CANBERRA, Feb 4 (Reuters) - Australia's government face
d a battle on Wednesday to rush an economic stimulus package past a hostile upper house of parliament, where rivals who hold the balance of power said the plan was poorly conceived. The government hopes to pass the $42 billion Australian dollars ($27.08 billion) through parliament by Thursday to speed cash payments to low and middle-income taxpayers by April, plus begin a sweeping overhaul of schools and national infrastructure.
'Our motivation is to deliver these payments as quickly as possible, in the national interest, given the global conditions,' Treasurer Wayne Swan told state radio.
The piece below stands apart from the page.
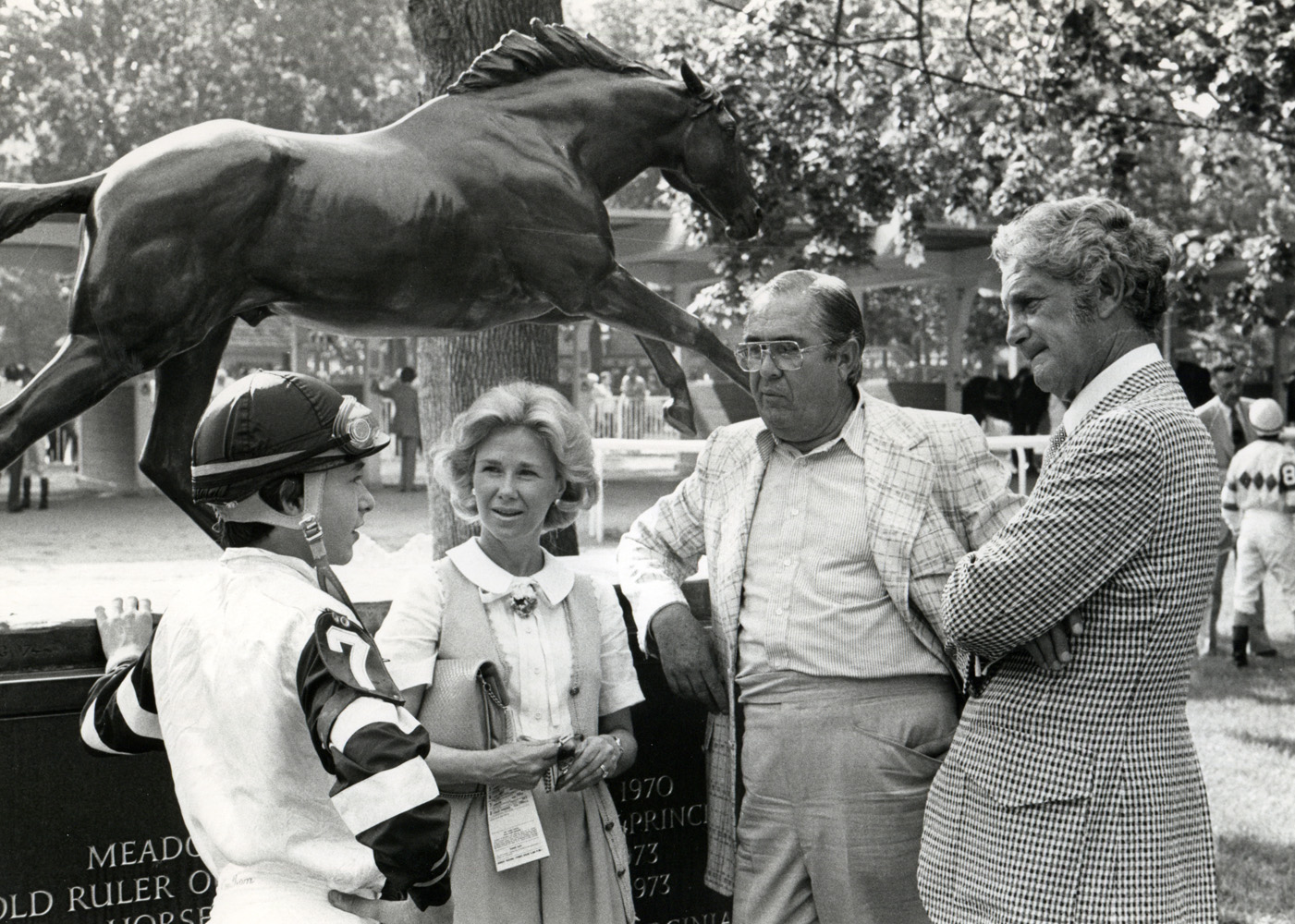 The connections of Triple Crown winner Affirmed (Steve Cauthen, Patrice Jacobs Wolfson, Laz Barrera, and Lou Wolfson) in the Belmont Paddock (NYRA/Museum Collection)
The plan includes A$29 billion for infrastructure, including A$15.5 billion to upgrade or construct school buildings. It will also underpin construction of 20,000 new homes, while keeping recession at bay with 1 percent growth in 2008/09.
The plan coincided with the Reserve Bank of Australia (RBA) cutting its key cash rate by 100 basis points to 3.25 percent, bringing easing since September to a massive 4 percentage points. Investors expect a further easing to 2.0 percent or less by May.
Prime Minister Kevin Rudd addressed the nation on Wednesday night and demanded Australia's six state governments, covering both the left and right of the political spectrum, cooperate with the stimulus rollout or face funding sanctions.
But the government faced a tough task in the national parliament, where conservative rivals hold the largest upper house voting bloc and the balance of power is held by a disparate group of green senators and pro-Christian independents.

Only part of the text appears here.